Supplied records Start Marker

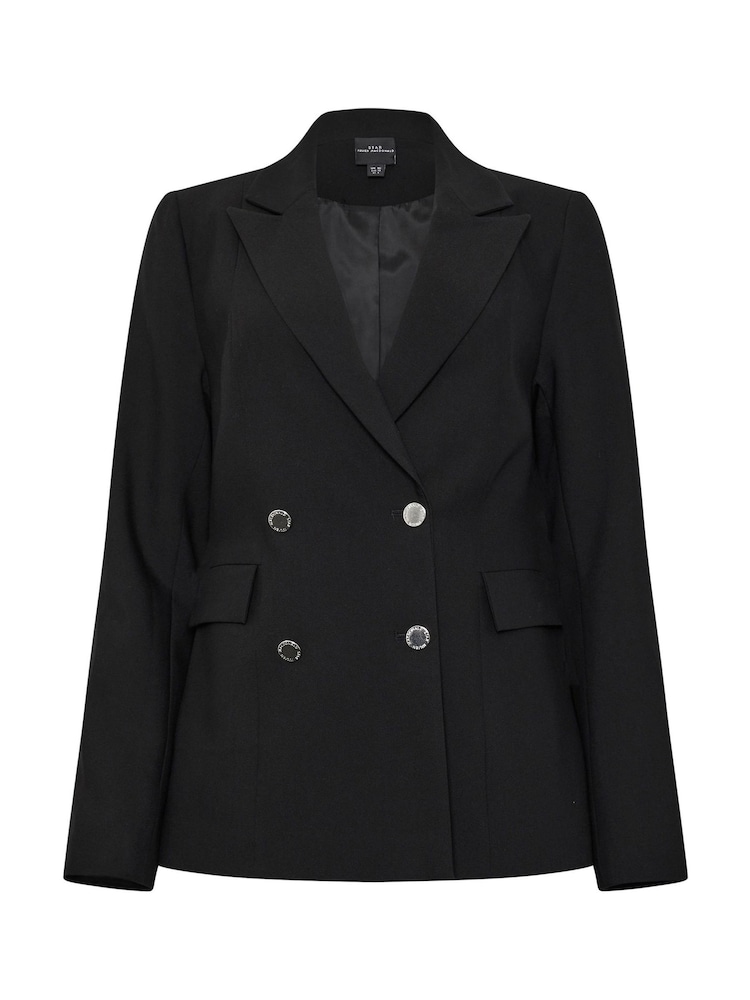 Chaqueta sartorial con doble botonadura de Star by Julien Macdonald - Imagen 7 de 7 Chaqueta sartorial con doble botonadura de Star by Julien Macdonald - Imagen 7 de 7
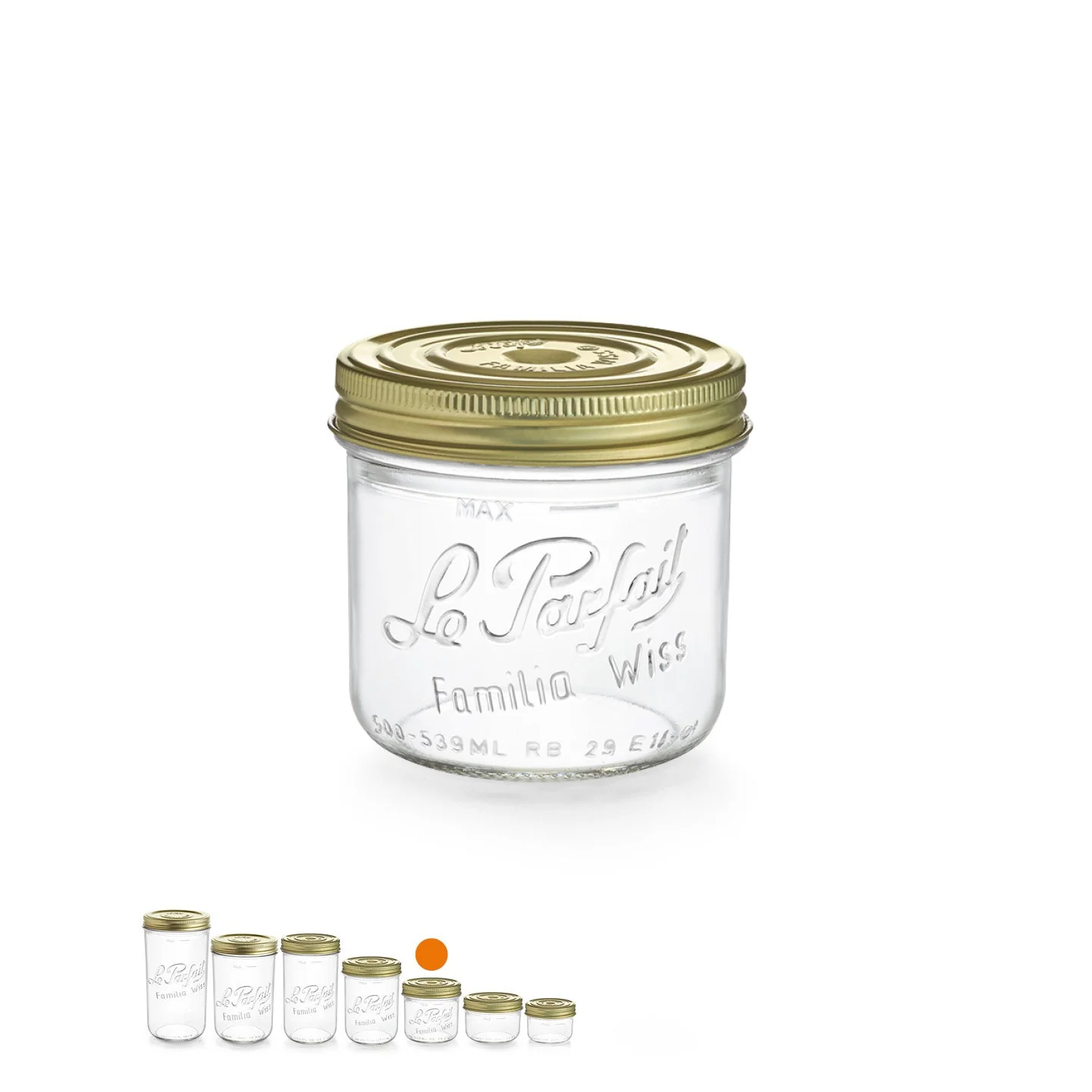 Le Parfait - Terrine Familia Wiss Gencoded per piece - Image 5
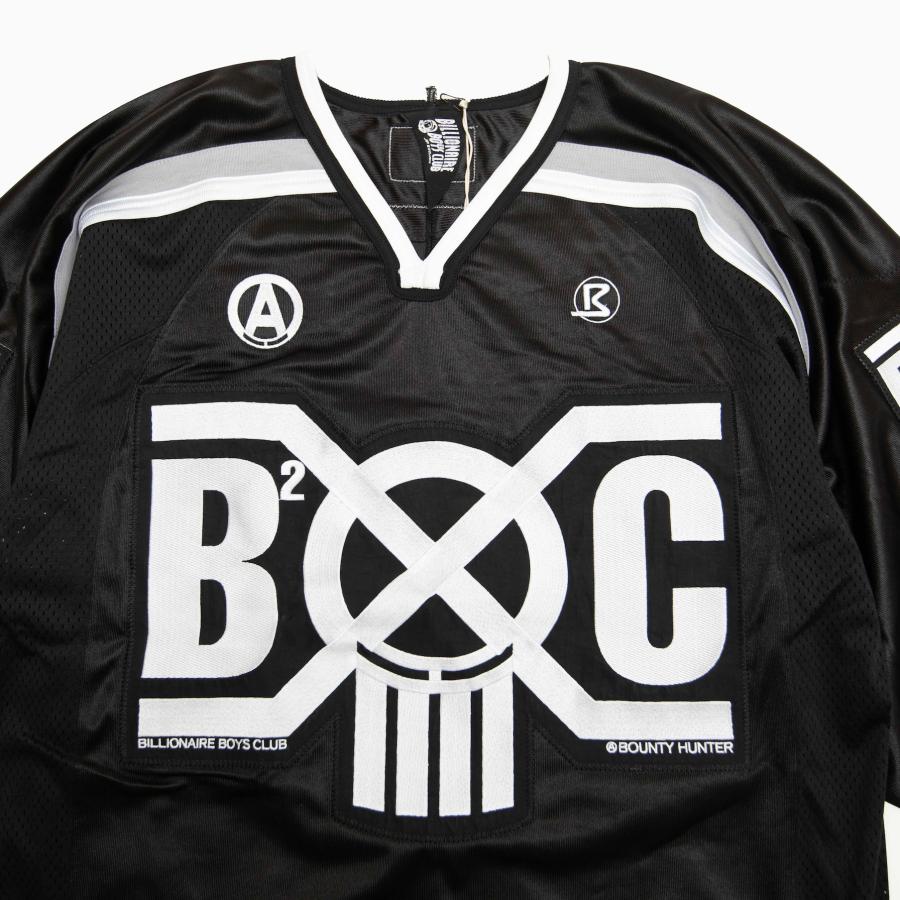 Bounty Hunter billionaire boys club ホッケー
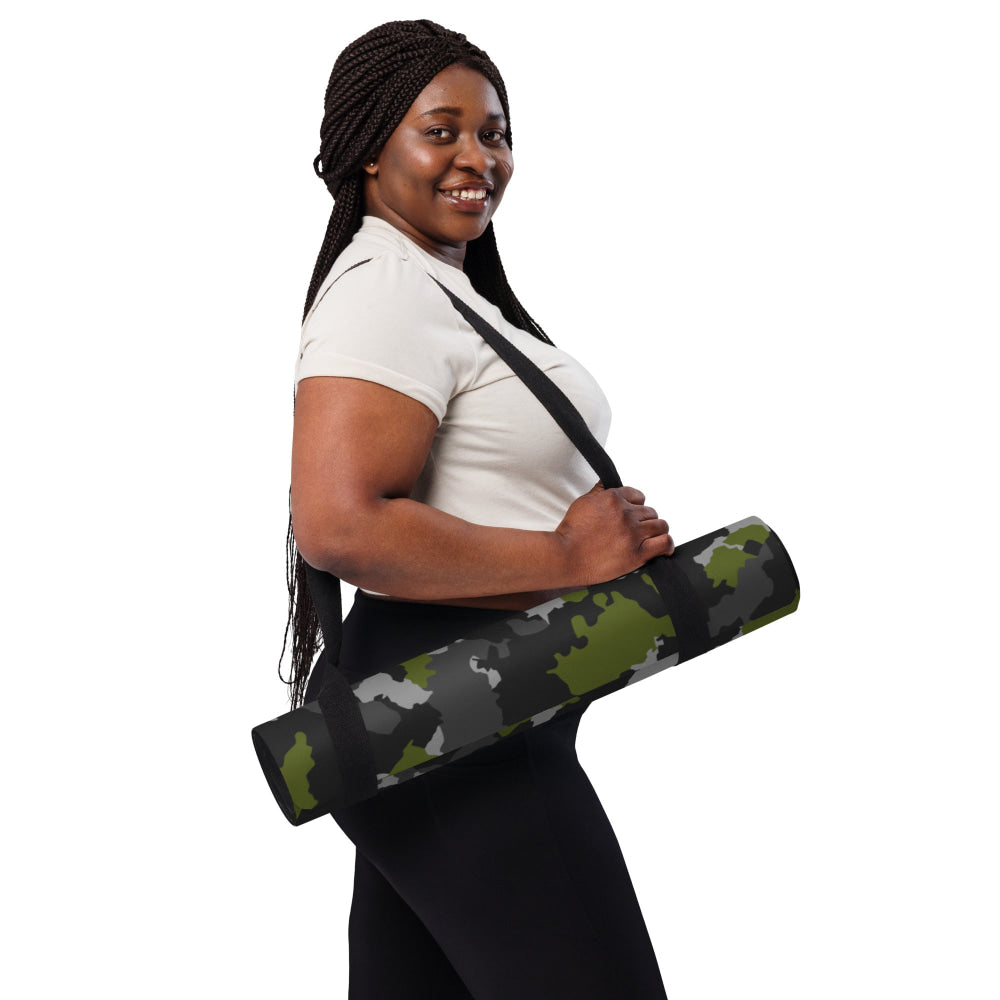 Alpha Jungle CAMO Yoga mat - Mat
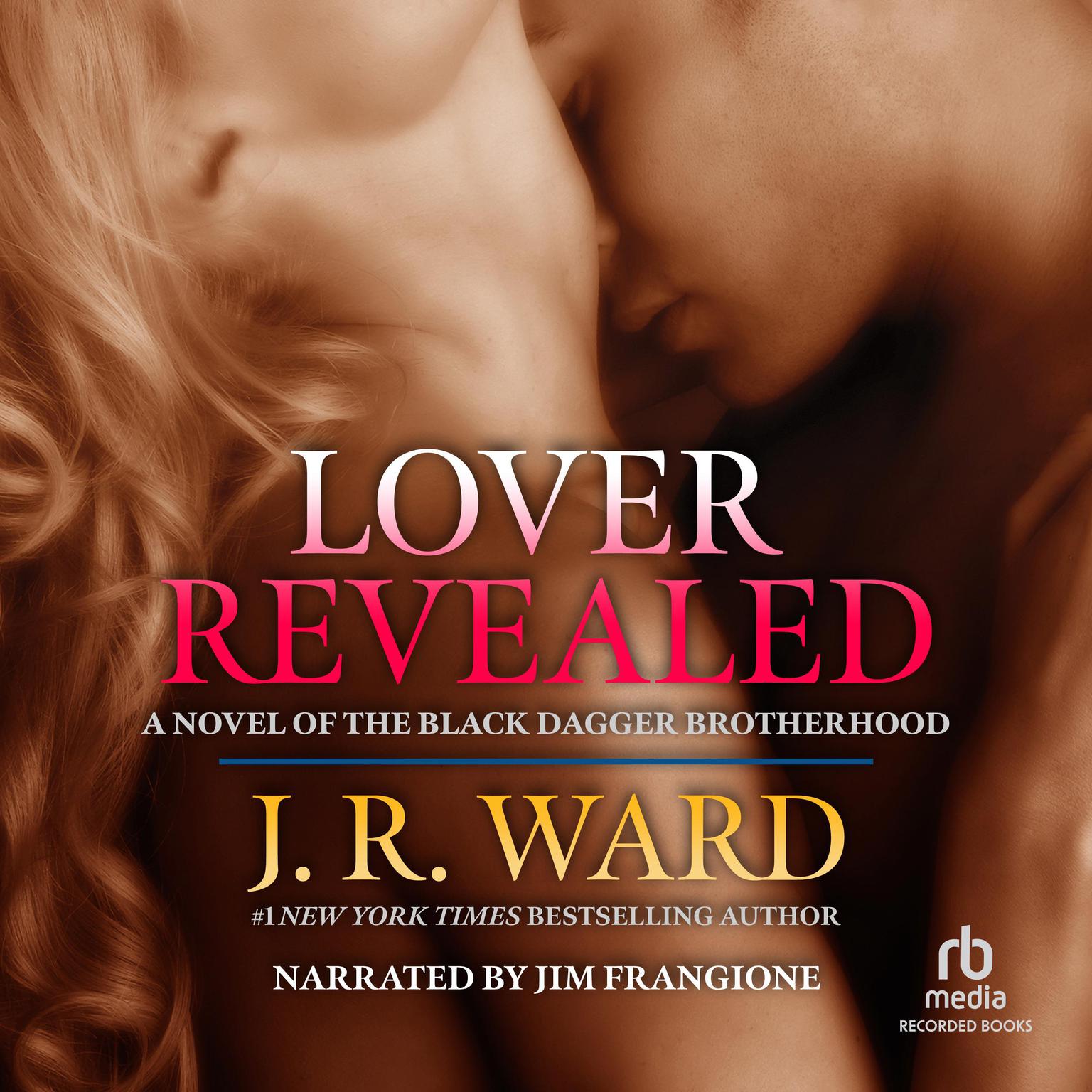 Lover Revealed Audiobook, by J. R. Ward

Supplied records End Marker

■ **Problem requirements**: Begin the copy at the line containing "Bounty Hunter billionaire boys club ホッケー" and end it at the last line of the records; transcribe exactly and exclude pictures.

■ **Answer to this task**:
 Bounty Hunter billionaire boys club ホッケー
 Alpha Jungle CAMO Yoga mat - Mat
 Lover Revealed Audiobook, by J. R. Ward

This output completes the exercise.